RDMA over IB is twice as slow as TCP with IP over IB

DRBD 9.3.0

The RDMA transport driver is very slow on modern hardware like NVIDIA ConnectX-7. It struggles to utilize the adapter’s (400 Gb/s) bandwidth. It appears that sndbuf-size and rcvbuf-size maximum values are too small. It is impossible to specify buffer sizes larger than 25M (sndbuf-size + rcvbuf-size + rdma-ctrl-sndbuf-size + rdma-ctrl-rcvbuf-size = 52424K max), and even with 25M buffers, I see thousands of Not sending flow_control msg, no receive window messages during heavy load.

Additionally, there are many messages about switching to WQ_UNBOUND in dmesg (for both RDMA and TCP transports):

workqueue: iomap_dio_complete_work hogged CPU for >10000us 8 times, consider switching to WQ_UNBOUND

Even when switching the transport from RDMA to TCP (using IP over Infiniband), I observe two times the performance improvement.

I have configured 24 DRBD resources. For each DRBD instance, I allocated a dedicated CPU core (reserved only for DRBD):

resource "disk0" {
    device minor 0;
    disk "/dev/disk/by-partlabel/drbd0";
    meta-disk internal;
    options {
        cpu-mask "00000000,00000000,00000001";
    }
    on "hosta" {
        node-id 0;
    }
    on "hostb" {
        node-id 1;
    }
    connection {
        host "hosta" address 192.168.1.1:7789;
        host "hostb" address 192.168.1.2:7789;
    }
}
...
resource "disk23" {
    device minor 23;
    disk "/dev/disk/by-partlabel/drbd23";
    meta-disk internal;
    options {
        cpu-mask "00000000,00000008,00000000";
    }
    on "hosta" {
        node-id 0;
    }
    on "hostb" {
        node-id 1;
    }
    connection {
        host "hosta" address 192.168.1.1:7812;
        host "hostb" address 192.168.1.2:7812;
    }
}

For my write performance test, I used this FIO script:

[seq-write-24]
filename=/disks/0/fio:/disks/1/fio:/disks/2/fio:/disks/3/fio:/disks/4/fio:/disks/5/fio:/disks/6/fio:/disks/7/fio:/disks/8/fio:/disks/9/fio:/disks/10/fio:/disks/11/fio:/disks/12/fio:/disks/13/fio:/disks/14/fio:/disks/15/fio:/disks/16/fio:/disks/17/fio:/disks/18/fio:/disks/19/fio:/disks/20/fio:/disks/21/fio:/disks/22/fio:/disks/23/fio
file_service_type=roundrobin:1
size=2400G
rw=write
bs=1M
direct=1
buffered=0
numjobs=24
time_based=1
runtime=60
ioengine=libaio
iodepth=24
group_reporting

With RDMA and this configuration, I got 12.2 GB/s overall:

net {
    protocol C;
    transport "rdma";
    sndbuf-size 25M;
    rcvbuf-size 25M;
    rdma-ctrl-sndbuf-size 600K;
    rdma-ctrl-rcvbuf-size 600K;
    max-buffers 128K;
    max-epoch-size 20000;
}

With TCP and this configuration, I got 24.3 GB/s overall:

net {
    protocol C;
    transport "tcp";
    sndbuf-size 128M;
    rcvbuf-size 128M;
    max-buffers 128K;
    max-epoch-size 20000;
}

Without replication (DRBD down on hostb), I achieved 129 GB/s

1 Like

Thank you for sharing these tests and results.

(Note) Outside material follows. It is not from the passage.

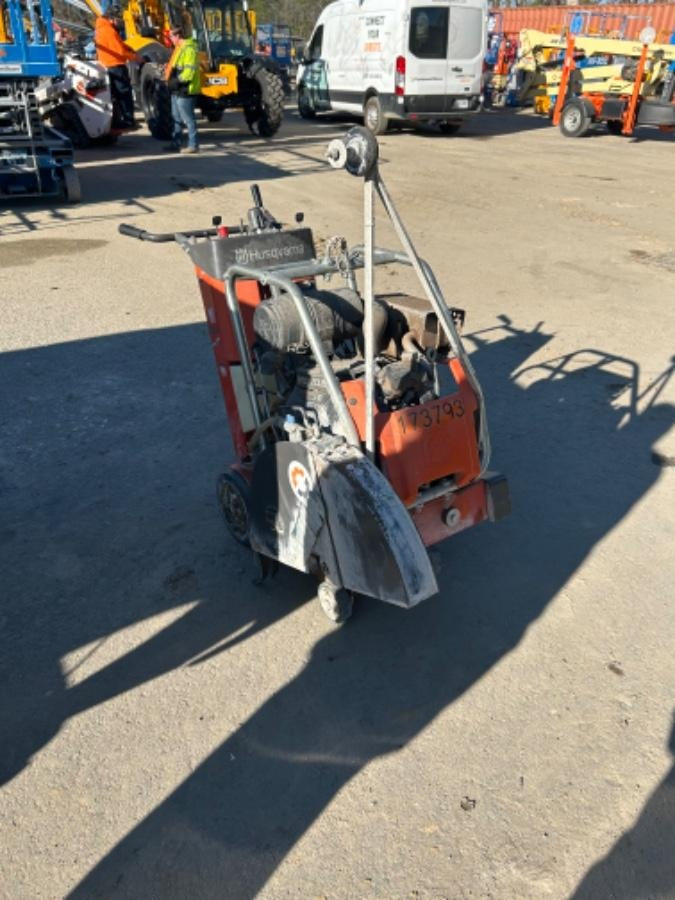 2021 HUSQVARNA FS 524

I have ConnectX-5 cards available for my own testing and typically see around ~15% better performance when using RDMA rather than TCP (IPoIB), but I usually test random writes with small block sizes. When testing with sequential writes and large block sizes, I am also seeing that RDMA is ~3% slower than TCP. So not as drastic as your results, but still counter intuitive.

I will ask the LINBIT kernel module developers for input and report back with any insight.

Thank you for your feedback and for investigating further.

I believe the core issue comes down to buffer limitations. Sending 25 MB over a 400 Gb/s link takes approximately half a millisecond, which means a single RDMA connection cannot keep up with the throughput.

The real bottleneck appears to be the maximum number of Work Requests per RDMA connection, which constrains the total buffer size. With a Scatter-Gather Element of 8, the limit is 13,106 WRs. Assuming 4 KB buffers, the effective buffer capacity (send + receive) reaches only about 51 MB.

I believe the problem could potentially be addressed in two ways:

  1. Use multiple RDMA connections - NVMe over Fabrics (RDMA) uses one connection per CPU, which might distribute the load more effectively
  2. Increase buffer sizes per Work Request - using buffers larger than 4 KB could maximize the WR capacity.